先日、おザキ様に彼と、そしてアトラン族達が儀式をやる事になった経緯やら何やらを聞かせてもらったのでここに記しておこうと思う。
ちょっと長くなるが……
昔々、と言う程でも無いくらいに昔。
〝ある戦い〟を終わらせたおザキ様は、魔物の巣窟となっていた大きなお城のような建物を見つけると。
自身の療養の目的と、『アルヴァークに屋根のある、快適な場所で最期を迎えて欲しい』との願いから、そこを暫くの間仮の住まいとする事にしました。
それから少し経ってアルヴァークが永遠の眠りについてしまうと、おザキ様は自身の傷がまだ癒えていないにも関わらず、新たな棲家を求めてザキ地方を飛び回るようになりました。
何故ならばそれは、近くに人間の町を発見したからです。
もしも今やドラゴンゾンビとなってしまったアルヴァークが、そこを狙ったとしたら……大変な事になってしまいますからね。
とは言え、ドラゴンゾンビの足ではそこまでは辿り着けなさそうではありましたが……念には念を入れて、との考えだったそうです。

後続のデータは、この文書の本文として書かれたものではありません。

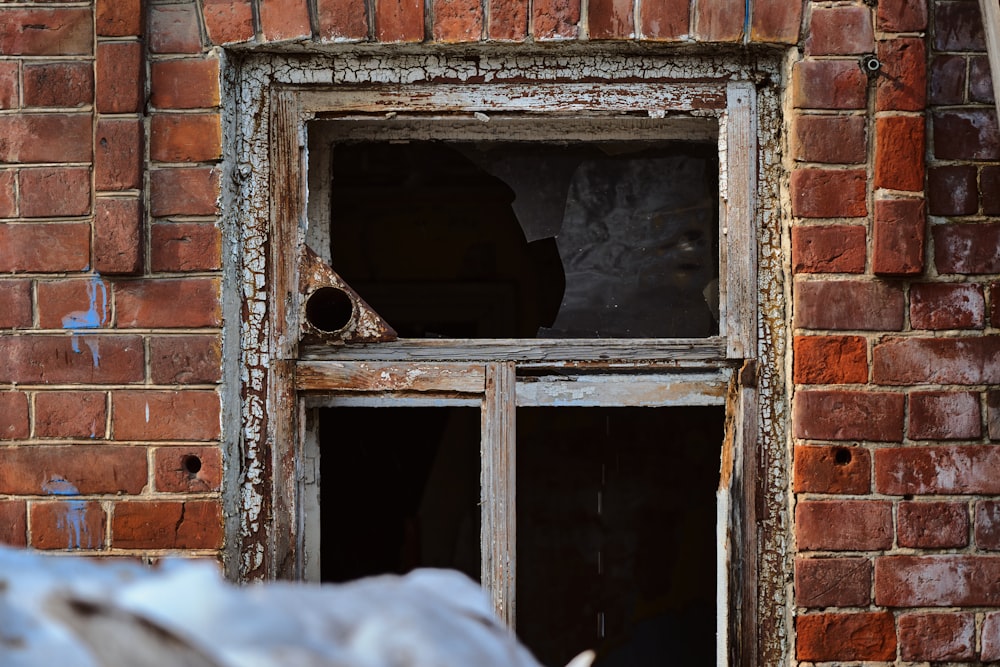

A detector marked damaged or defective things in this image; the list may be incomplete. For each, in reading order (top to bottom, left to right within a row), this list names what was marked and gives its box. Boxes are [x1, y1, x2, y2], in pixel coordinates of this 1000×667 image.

broken window [268, 79, 756, 667]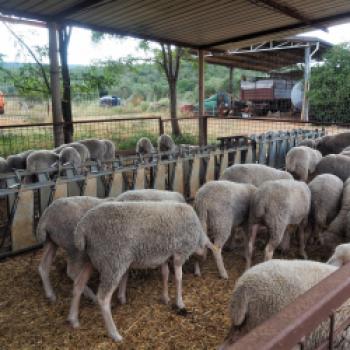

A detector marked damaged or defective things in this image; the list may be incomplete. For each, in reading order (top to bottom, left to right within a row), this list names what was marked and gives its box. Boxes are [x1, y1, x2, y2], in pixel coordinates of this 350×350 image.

rusty metal frame [227, 264, 350, 348]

(本人曰く)
そうしておザキ様は身にも、心にも傷を残しながらも次なる居場所を探し続けていました……
それからまた暫くすると、〝ある変化〟が起こり始めました。
おザキ様の方にではなく、町の人々の方にです。
彼等は上空高くを飛ぶおザキ様を見ると、彼に向け頭を垂れたり、拝んだりするようになりました。

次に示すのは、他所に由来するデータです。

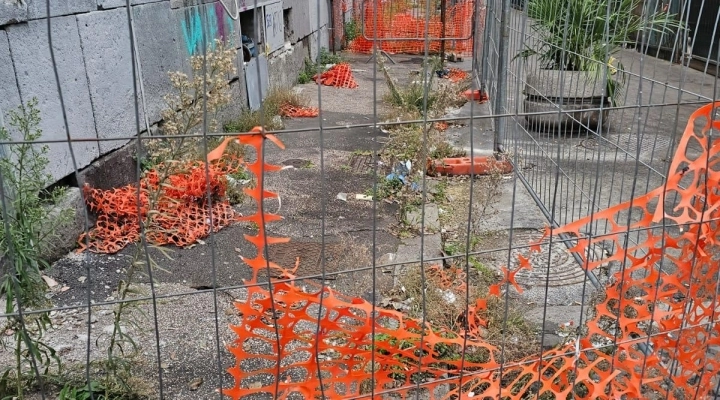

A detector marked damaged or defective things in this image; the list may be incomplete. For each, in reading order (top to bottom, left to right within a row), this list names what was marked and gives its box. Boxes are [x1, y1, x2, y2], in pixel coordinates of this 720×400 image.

cracked concrete wall [0, 0, 330, 184]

そう……何故だがは分かりませんが、彼等はおザキ様に対して、感謝の意(?)を示すようになったのです。
(ちなみに、おザキ様がそのくらいの高さにいる……つまり距離が離れていたので、今までアトラン族達は気絶せずに済んでいたようです)
おザキ様はそれを見、首を傾げていましたが……その理由はすぐに分かりました。
何と、おザキ様が〝そこにいる〟だけで国を狙う他国の軍勢や、強く、かつ知恵のあるような魔物達が彼を恐れ、そして畏れ、自ずからザキ地方を離れて行った事で町人達の暮らしは以前と比べてかなり穏やかなものとなっていたのです。
そうです。
それで彼等は自分達から脅威を退けてくれた存在であるおザキ様を崇拝し、あのようにしてとても感謝しているのでした。

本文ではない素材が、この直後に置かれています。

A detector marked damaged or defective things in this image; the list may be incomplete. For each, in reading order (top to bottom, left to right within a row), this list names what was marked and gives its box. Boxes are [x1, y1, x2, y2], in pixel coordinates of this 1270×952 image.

ですがおザキ様はそれを知つつも、『魔物である自分が彼等に手を貸したり、接触したりすれば大きな混乱を招くだろう』と考え、彼等にはなるべく干渉しないよう、生活を続けていました。
……そんな時でした。
ゴリアース・プラントの攻撃を耐え切ってその中を抜け、ある一人の人間が魔王城へとやって来たのは。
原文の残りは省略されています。